A Gromov Vasilii, Beschastnov Yury N, Tomashchuk Korney K
School of Data Analysis and Artificial Intelligence, Higher School Economics University, Moscow, Russia.
PeerJ Comput Sci. 2023 Mar 6;9:e1254. doi: 10.7717/peerj-cs.1254. eCollection 2023.

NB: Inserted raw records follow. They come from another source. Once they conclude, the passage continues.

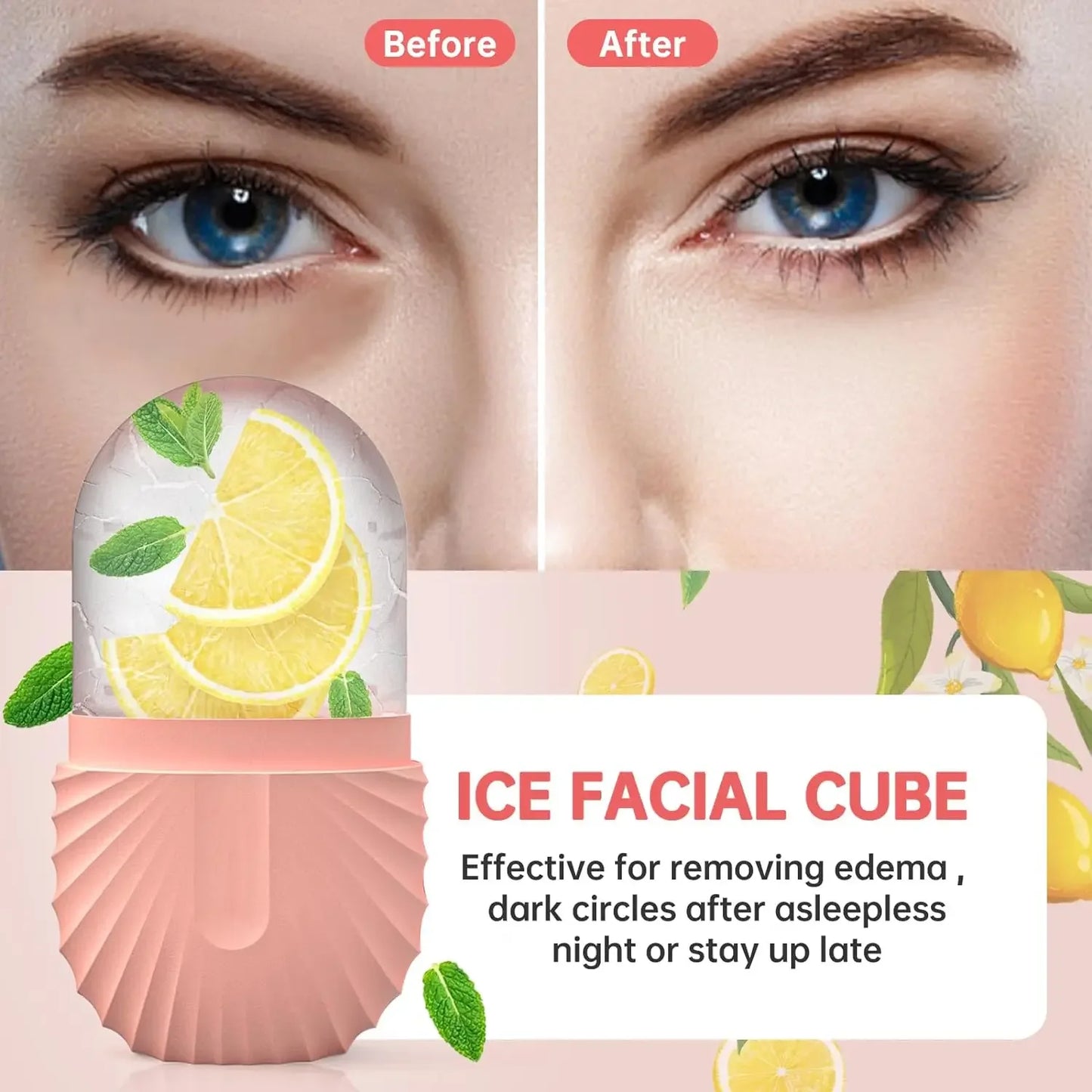 Silicone Face Ice Cube Mold for Beauty Skin Care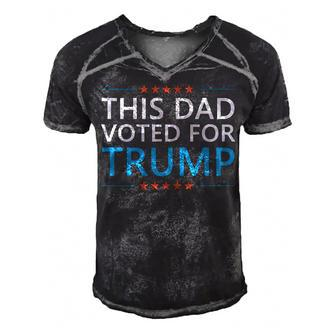 This Dad Voted For Trump Funny 4Th Of July Fathers Day Meme Men's Short Sleeve V-neck 3D Print Retro Tshirt - Seseable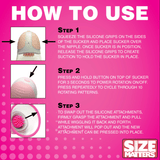Rotating Silicone Nipple Suckers plus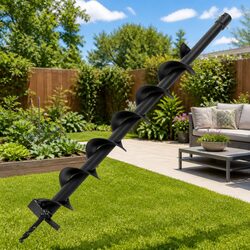 Transform Your Landscape with a Heavy Duty Auger Drill Bit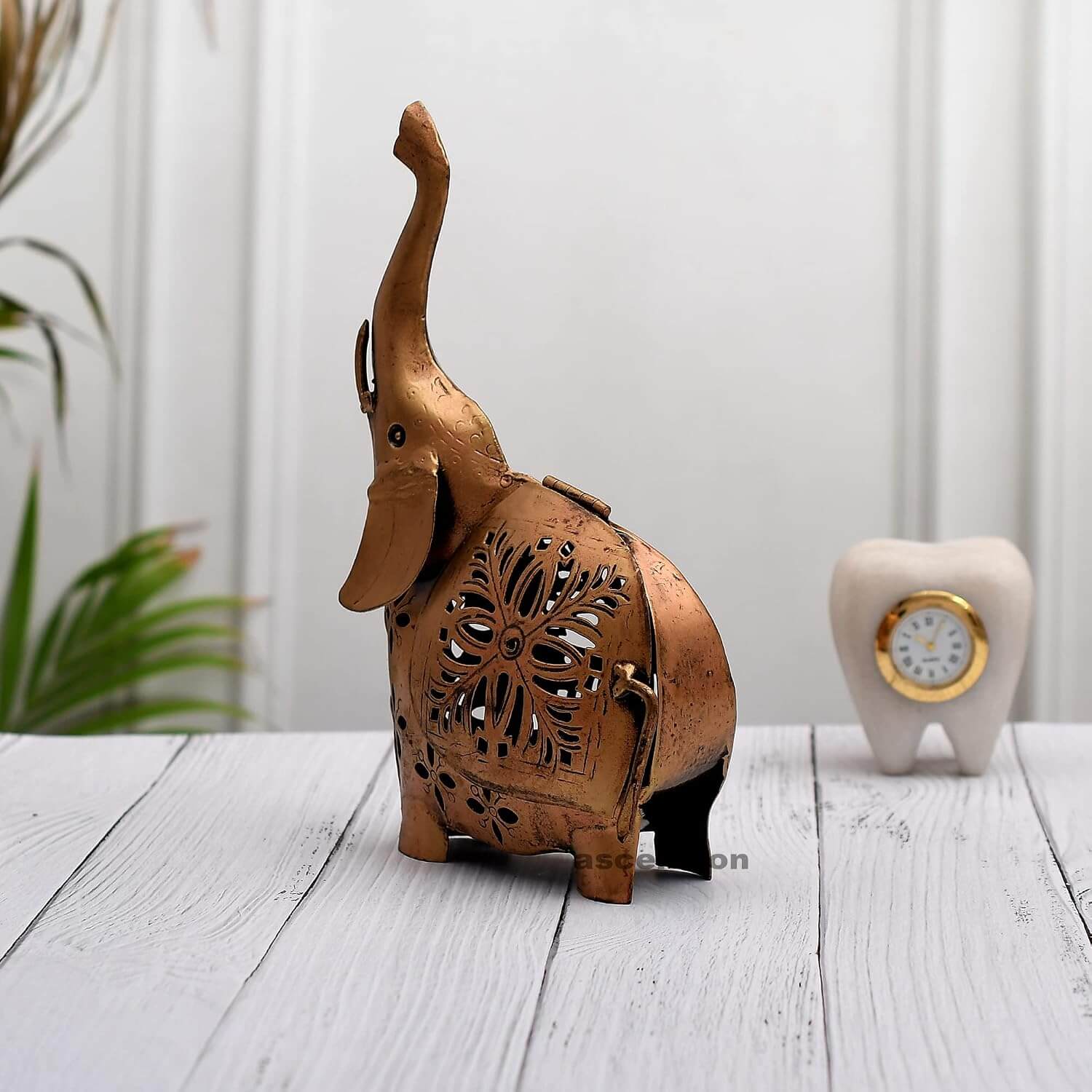 Ascension Lantern Decorative Elephant Tea Light Candle Holder Stand Candle Holder Elephant Candle Holder Table Decorations Ornament for Home Decor Gifts with Tealight Candles Decorations - Image 3
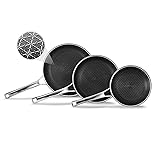 Non Stick Frying Pans Set, Hybrid Pans Set Nonstick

The article deals with a generalized relational tensor, a novel discrete structure to store information about a time series, and algorithms (1) to fill the structure, (2) to generate a time series from the structure, and (3) to predict a time series. The algorithms combine the concept of generalized z-vectors with ant colony optimization techniques. To estimate the quality of the storing/re-generating procedure, a difference between the characteristics of the initial and regenerated time series is used. For chaotic time series, a difference between characteristics of the initial time series (the largest Lyapunov exponent, the auto-correlation function) and those of the time series re-generated from a structure is used to assess the effectiveness of the algorithms in question. The approach has shown fairly good results for periodic and benchmark chaotic time series and satisfactory results for real-world chaotic data.
本文论述了一种广义关系张量,这是一种用于存储时间序列信息的新型离散结构,以及用于填充该结构、从该结构生成时间序列和预测时间序列的算法。这些算法将广义z向量的概念与蚁群优化技术相结合。为了估计存储/重新生成过程的质量,使用了初始时间序列和重新生成的时间序列特征之间的差异。对于混沌时间序列,使用初始时间序列的特征(最大李雅普诺夫指数、自相关函数)与从结构重新生成的时间序列的特征之间的差异来评估相关算法的有效性。该方法在周期性和基准混沌时间序列上显示出相当好的结果,在实际混沌数据上也取得了令人满意的结果。